# Formula for Transfer Value to Buy out Bond



## cronley (14 Mar 2008)

Below is reply I got from Pension Board about Formula for calculating Transfer Value to Buy out Bond. Society of Actuaries is closed for weekend - does anyone know the formulas used for purposes below -
I have preserved pension benefits in a Defined Benefit scheme with a private company which I left a few years ago - I was a member of the scheme for 30 years - I have not started to draw pension from the scheme.
I am looking for 2 formula -
1. Formula for calculating Transfer Value to Buy out Bond
2. If I die before drawing pension from scheme, or before transfer to Buy out Bond, what is formula for calculating payment of entire preserved benefit lump sum to my estate.

Reply from Pensions Board
"The Pensions Board is responsible for the monitoring and supervision of the Pensions Act, 1990 as amended (“the Act”) which is the legislation governing occupational pension schemes and PRSAs (Personal Retirement Savings Accounts).  

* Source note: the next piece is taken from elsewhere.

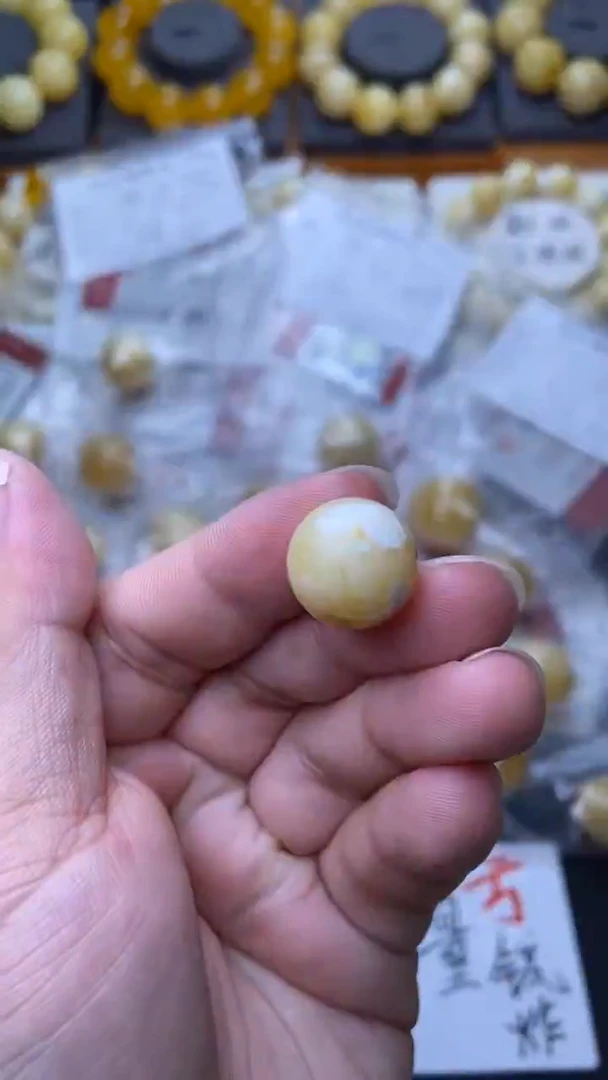 裸石琥珀未镶嵌 星筠珠宝优选1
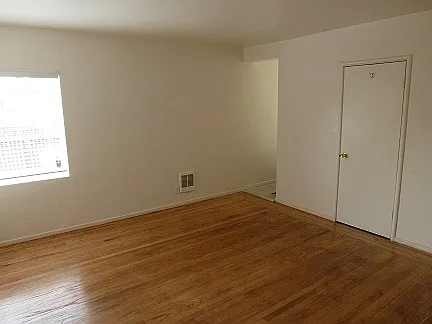 Studio, 400 sqft, $1,350 — Photo 2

I understand that you query relates to defined benefit transfer values . I have outlined below general information below which I trust is of assistance. 

The transfer payment in respect of a preserved benefit or part of a preserved benefit which has been determined on a defined benefit basis is the actuarial value of such preserved benefit (including the value of any prospective revaluation and the benefit which would have been payable if the member had died before NPA) at the date of receipt of the application for a transfer payment or on a date selected by the trustees which is not earlier than three months before, nor later than three months after, the date of receipt of the application.  

Such transfer payments must be calculated in accordance with any guidelines issued by the Society of Actuaries in Ireland (or with any other applicable guidelines) and specified in regulations.  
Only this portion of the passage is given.